Click the Data Access Mode drop-down list to see the different access mode.
Select Table Or View.
In the Name Of The Table Or The View drop-down list, select the [dbo].[Employee] table.
Click the Preview button to see sample data of employees, and then click Close.
Map the connection manager to the data adapter
Click Columns from the left panel of the Editor. This action maps columns from the connection manager to output columns of the adapter.
Now you have a data adapter that has been associated with a connection manager and is now ready to be used in a transformation.
Add an Excel Destination data adapter
Open the Toolbox and expand the Data Flow destinations.
Drag Excel Destination from the Toolbox to the grid.
In the Properties pane, change the Name property to Excel Destination – Employee.
Add the Employee connection manager to the Excel Destination data adapter
Double-click the Excel Destination – Employee data adapter.
Click the OLE DB Source – Employee adapter and connect it to the Excel Destination adapter by dragging the green arrow from OLE DB Source – Employee to Excel Destination – Employee.
Double-click the Excel Destination – Employee data adapter to open the Excel Destination Editor and verify that Employee is selected in the OLE DB Connection Manager drop-down list.
In the Name Of The Excel Sheet drop-down list, click New.
Change the name of the sheet to Employee by replacing the current name, Excel Destination, next to the CREATE TABLE statement. Keep the quotation marks and change the size of the LoginID column to NVARCHAR(50).
Click Preview and see that the new table is empty, and then click Close.

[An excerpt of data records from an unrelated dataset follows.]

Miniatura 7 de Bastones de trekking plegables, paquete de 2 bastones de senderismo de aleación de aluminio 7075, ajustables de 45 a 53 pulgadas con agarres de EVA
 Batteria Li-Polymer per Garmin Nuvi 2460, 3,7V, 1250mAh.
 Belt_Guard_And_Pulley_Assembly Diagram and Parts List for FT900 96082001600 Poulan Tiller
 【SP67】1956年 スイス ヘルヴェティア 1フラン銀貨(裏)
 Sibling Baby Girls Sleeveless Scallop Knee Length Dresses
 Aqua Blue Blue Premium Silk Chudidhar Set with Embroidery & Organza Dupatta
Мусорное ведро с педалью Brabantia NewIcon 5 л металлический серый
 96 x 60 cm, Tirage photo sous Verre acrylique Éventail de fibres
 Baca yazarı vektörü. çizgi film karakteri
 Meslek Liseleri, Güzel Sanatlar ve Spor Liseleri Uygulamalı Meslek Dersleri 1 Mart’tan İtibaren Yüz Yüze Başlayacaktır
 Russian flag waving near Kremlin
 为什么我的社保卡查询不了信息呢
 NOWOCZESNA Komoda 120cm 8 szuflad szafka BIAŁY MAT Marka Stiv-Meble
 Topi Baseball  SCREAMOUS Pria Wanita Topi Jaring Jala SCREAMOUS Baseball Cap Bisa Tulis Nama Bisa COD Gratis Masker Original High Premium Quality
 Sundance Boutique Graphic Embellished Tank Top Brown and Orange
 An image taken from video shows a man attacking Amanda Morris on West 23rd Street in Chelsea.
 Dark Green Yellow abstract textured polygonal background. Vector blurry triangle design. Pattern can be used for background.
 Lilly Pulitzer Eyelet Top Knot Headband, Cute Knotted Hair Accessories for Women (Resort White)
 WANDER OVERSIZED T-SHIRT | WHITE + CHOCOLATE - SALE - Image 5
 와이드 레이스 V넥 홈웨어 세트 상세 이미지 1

Click Mappings in the left panel of the Editor.
Executing the Package
Once you have created a new SSIS project with connection managers for sources and destinations, created a data flow task with source and destination data adapters, and mapped the columns that you want to transfer from your source table to your destination Office Excel file, you are ready to run this package.
When you execute a package, Integration Services validates the package and executes the tasks defined in the control flow. You can change certain properties to optimize the processing time. You can learn more about optimization in Chapter 11, “Optimizing SSIS Packages.” In this procedure, you’ll execute the package you have built.
Execute the package
Right-click the CopyTable.dtsx package and choose Execute Package.
Click the Stop Debugging button on the Debug toolbar.
Using Windows Explorer, navigate to the C:\Documents and Settings\<username>\My Documents\Microsoft Press\IS2005sbs\Chap03\Data\folder.
Open the Employee.xls file to confirm that data appears in the file.
Click the Employee tab, and data should appear.